__Work item__
The material below should be copied line for line, please, with pictures omitted.

__Supplied material__
+===+

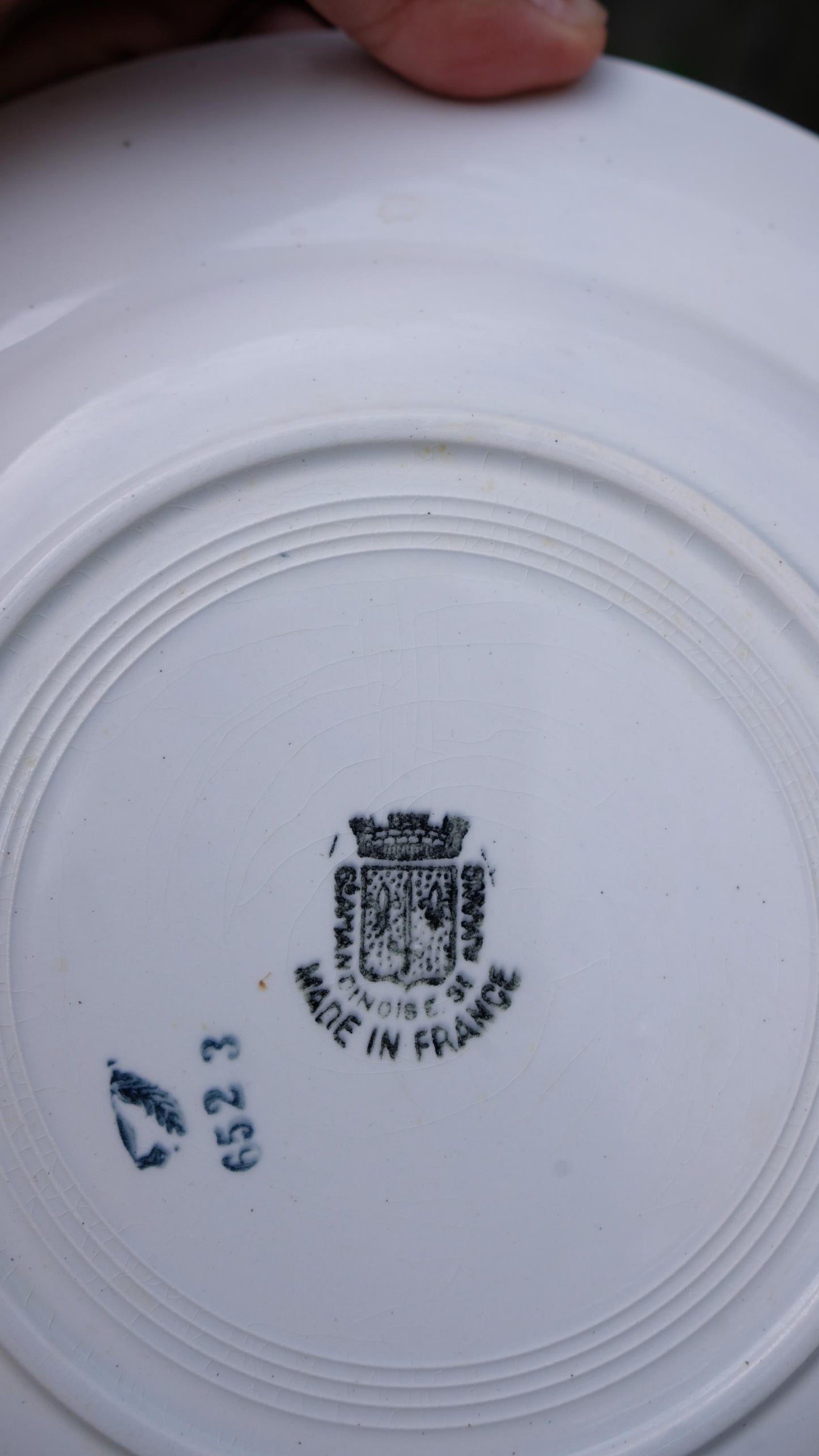 Lot de cinq assiettes saint Amand l'amandinoise vintage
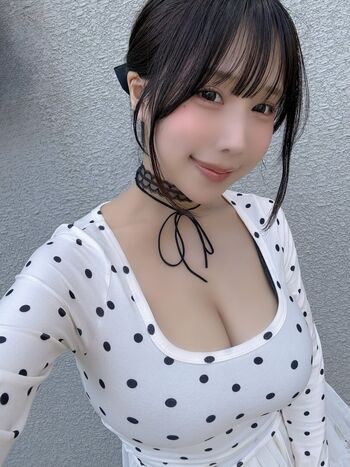 Towa Rabbit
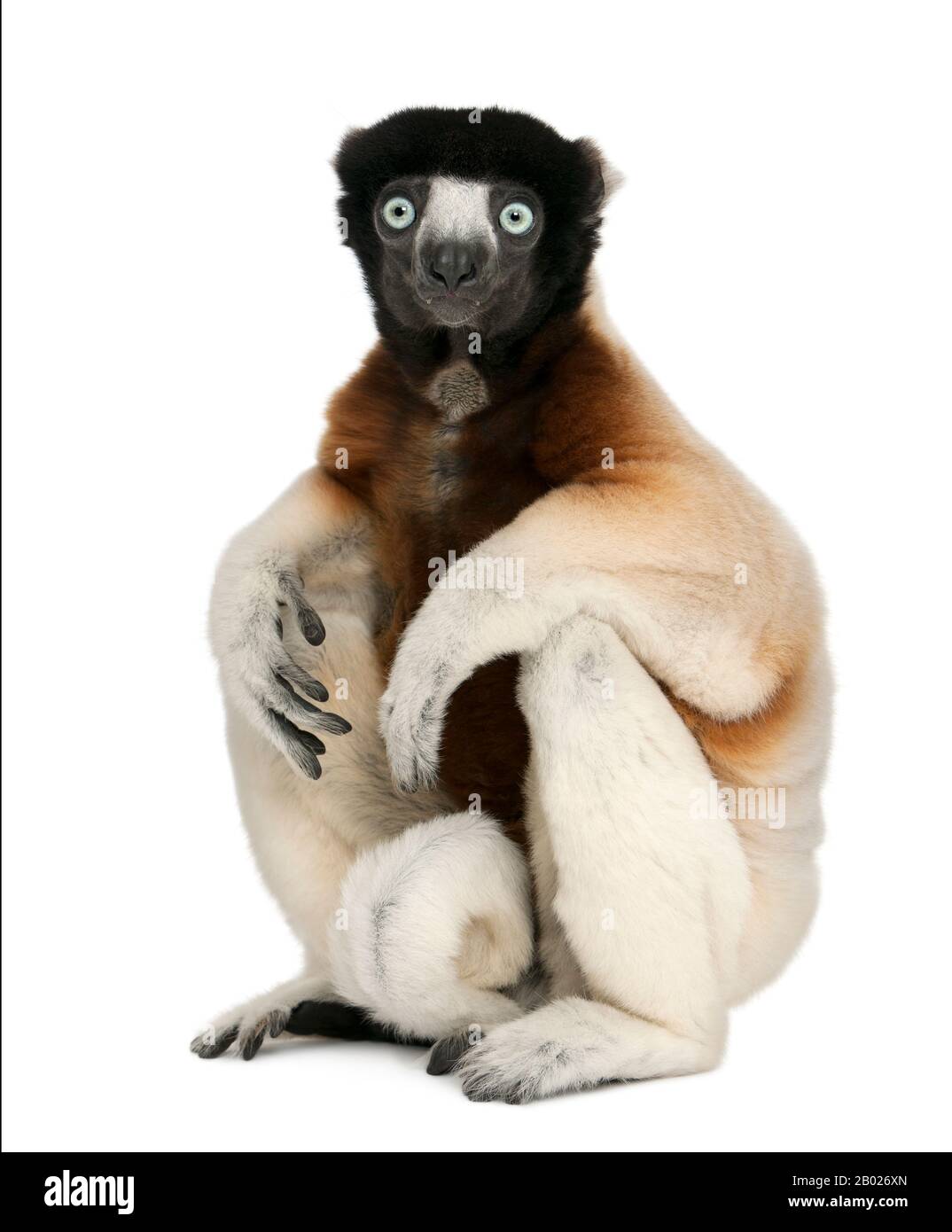 Couronné Sifaka, Propitecus coronatus, 14 ans, assis devant un fond blanc Banque D'Images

+===+

__Problem solution__
 Lot de cinq assiettes saint Amand l'amandinoise vintage
 Towa Rabbit
 Couronné Sifaka, Propitecus coronatus, 14 ans, assis devant un fond blanc Banque D'Images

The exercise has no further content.